For Particle Desorption & Analysis: The Sample Valve is closed. He1 is open and the chamber is compressed and heated. The 6-port valve is open between the chamber and the PCC/GC. lso1 , lso3 and lso4 are closed as the sample in sorption tube awaits analysis.

For VOC Desorption & Analysis: Helium may be used to transfer the sample from the sorption tube to the GC-MS, while the sorption tube is heated to release the VOCs. The 6-Port valve is open between the Injector and the PCC/GC. lso1 , lso3 and He2 are closed. He3 is open and lso4 is open.
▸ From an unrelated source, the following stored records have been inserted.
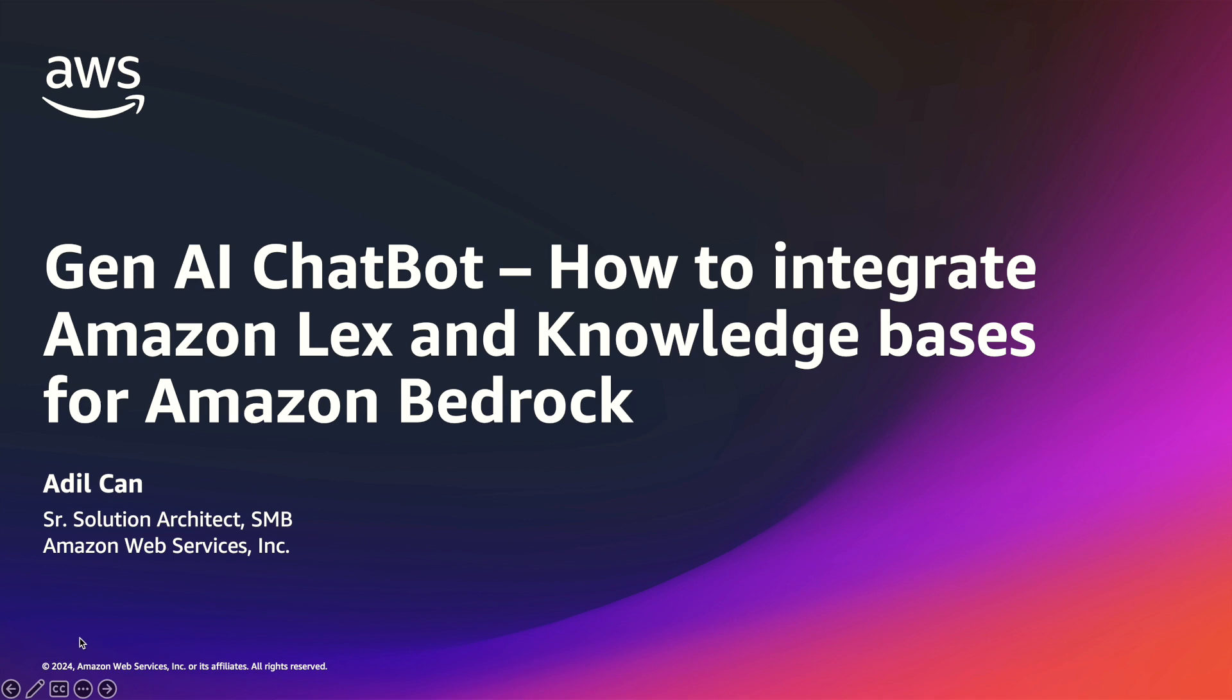Welcome to the demo Gen AI Chatbot. This video demonstrates how to integrate Amazon Lex and Amazon Bedrock knowledge bases.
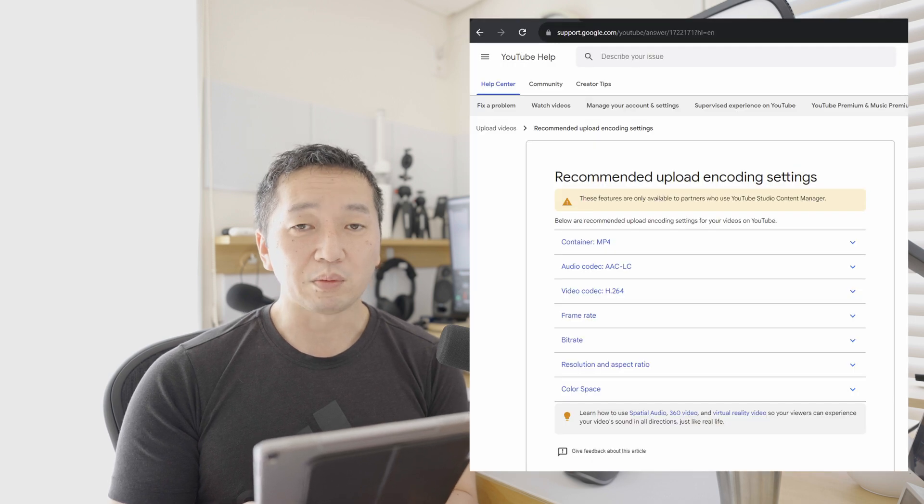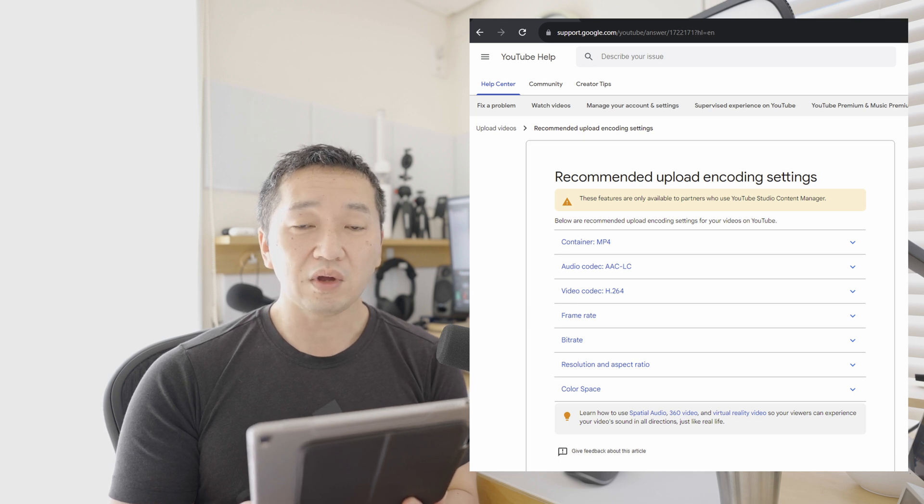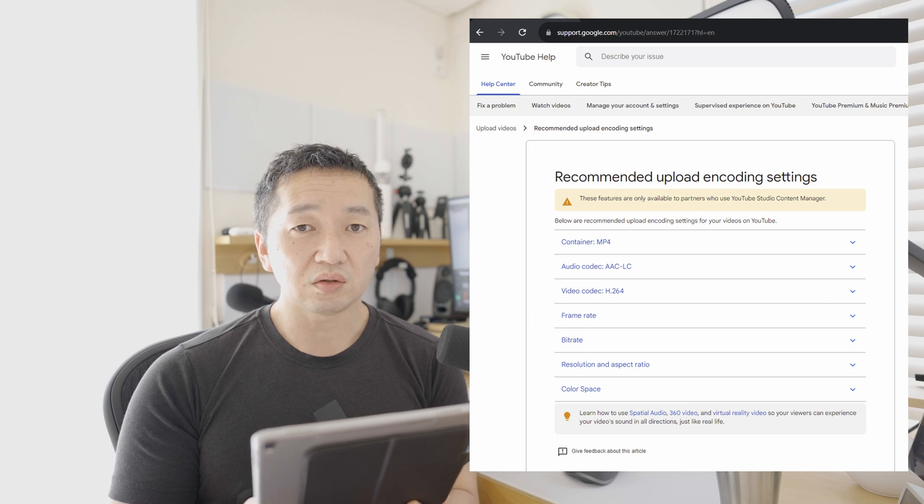In my case, the native encoder is faster than QuickSync when using H.265. Also, QuickSync is faster than native when using H.264. Both were faster than Full HD resolution, which is mysterious. I searched the internet for recommended YouTube encode settings: container MP4, audio codec AAC-LC, video codec H.264. Also, the H.264 file size is about 15 times bigger than H.265.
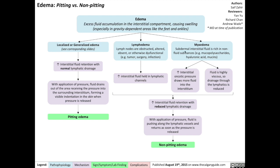Mixed edema occurs when subdermal interstitial fluid is rich in non-fluid substances, such as mucopolysaccharides, hyaluronic acid, or mucins. These non-fluid substances increase interstitial oncotic pressure, which draws more fluid into the interstitium. The fluid is highly viscous, so drainage through the lymphatics is reduced. Consequently, lymphedema and mixed edema both result in increased interstitial fluid retention with reduced lymphatic drainage.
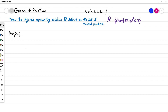Setting x equal to zero and sweeping values for y starting from zero: (0, 0), (0, 1), (0, 2), (0, 3), and (0, 4) are all valid two-tuples. You cannot go to (0, 5) because that would not satisfy the given boundary condition.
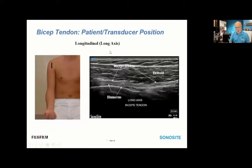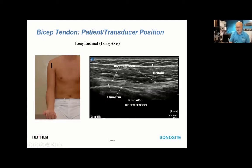Once we've looked in short axis, we flip the transducer 90 degrees to see the longitudinally oriented fibers of the long head of the biceps. You see the bony signature of the humerus deep, the fibrillar pattern of the bicep tendon, the more pennate pattern of the overlying deltoid muscle, a superficial fatty layer of tissue, and the skin.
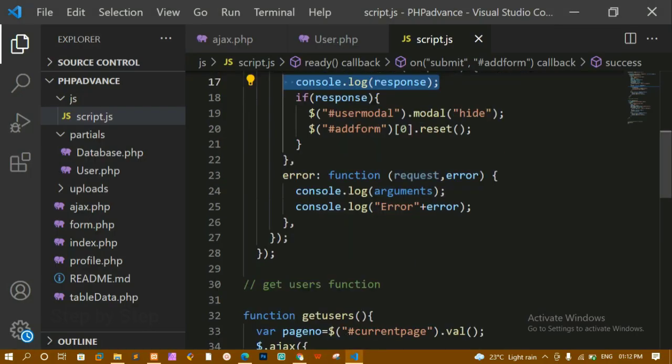We are done with getting the count. Next we are going to see how to display the data and how to perform pagination, and we will cover everything one by one.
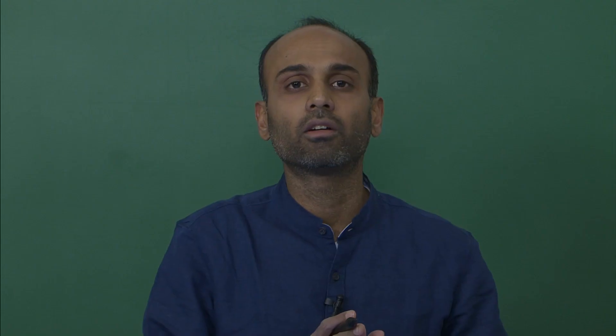We have pulse P1(t) on which we are transmitting symbol a1, and pulse P2(t) on which we are transmitting symbol a2. Both a1 and a2 are individual PAM symbols. In QPSK, a1 and a2 are individual BPSK symbols — that is, a1 is ±A and a2 is ±A. Here we are generalizing this concept: a1 belongs to a PAM constellation and a2 belongs to a PAM constellation, and a1 and a2 are independent. So we are transmitting two PAM symbols for every waveform x(t).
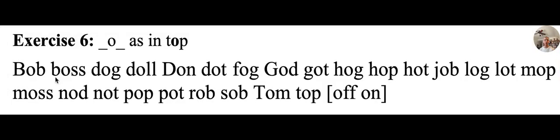Hello, this is Don Potter again. We're going to do exercise six, which is the short O, as in top.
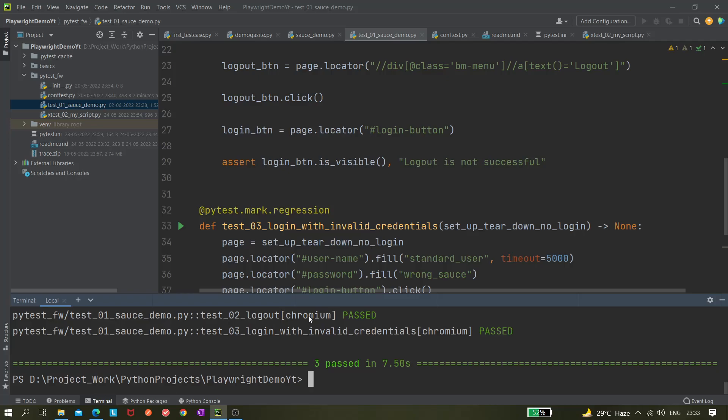Now you can see the browser size — it looks like iPhone 11, right? All three tests passed. Sometimes it happens that if the application looks different when it opens in a mobile window, your tests might fail. In my case I'm using the SauceDemowebsite, so the locators are the same in both mobile view and normal browser view.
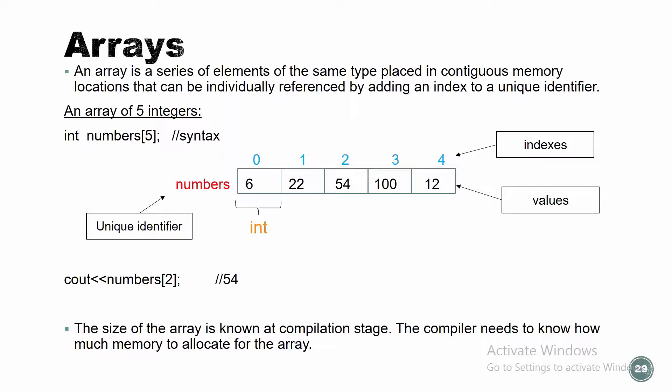The reason I have index is for me to access those numbers. Let's look at this command: cout numbers square brackets two. What does it mean? I'm gonna go to index number two in my numbers array and print it out. So what's the value inside index two? 54. If I wanted to print out 100, index three, that's right.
It should be understood that all temperatures and dimensions cited in this document are for illustration purposes only for embodiments of the invention and should not be considered to be limiting of the temperatures and dimensions that may be used in other embodiments. Accordingly, modifications to the temperatures and dimensions should be considered to be within the scope of the embodiments of the invention. Although only a few example embodiments have been described in detail above, those skilled in the art will readily appreciate that many modifications are possible in the example embodiments without materially departing from this invention. Accordingly, all such modifications are intended to be included within the scope of this disclosure as defined in the following claims. It is the express intention of the applicant not to invoke 35 U.S.C. § 1 12, paragraph 6 for any limitations of any of the claims herein, except for those in which the claim expressly uses the words 'means for' together with an associated function.